▸ Exercise
After finding the line containing "Flexible teen cuckold" below, please output that line and each following one through the line containing "태블릿 컴퓨터로 전자 쇼핑 컨셉을 소개하는 여성", exactly as written.

Start of Given records

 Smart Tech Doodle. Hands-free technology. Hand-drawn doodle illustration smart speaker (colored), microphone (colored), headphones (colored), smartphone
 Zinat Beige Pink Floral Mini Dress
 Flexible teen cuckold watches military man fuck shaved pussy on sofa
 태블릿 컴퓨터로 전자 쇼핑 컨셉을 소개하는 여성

End of Given records
Start of Given records

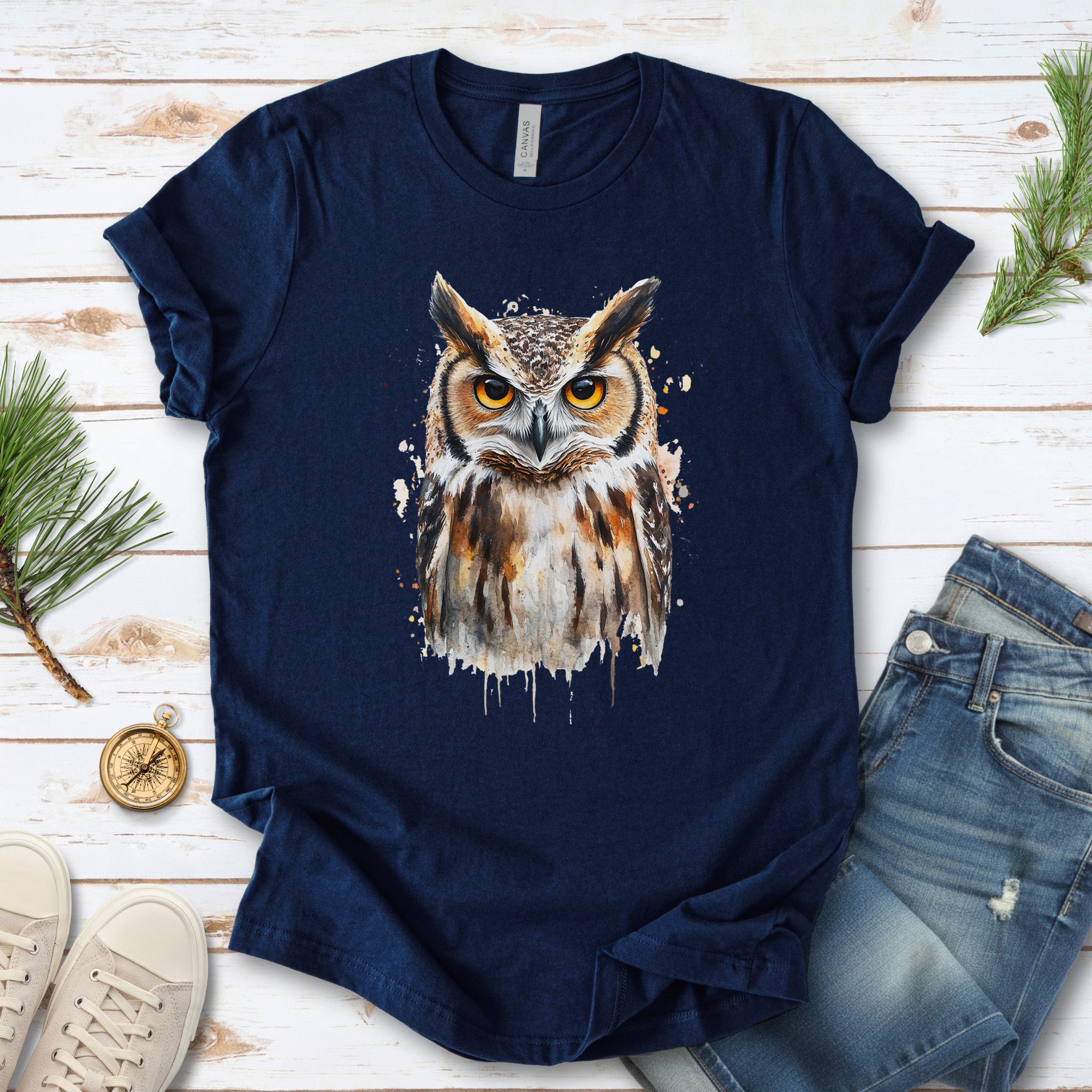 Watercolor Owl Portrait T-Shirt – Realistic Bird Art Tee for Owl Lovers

End of Given records

▸ Result of this task
 Flexible teen cuckold watches military man fuck shaved pussy on sofa
 태블릿 컴퓨터로 전자 쇼핑 컨셉을 소개하는 여성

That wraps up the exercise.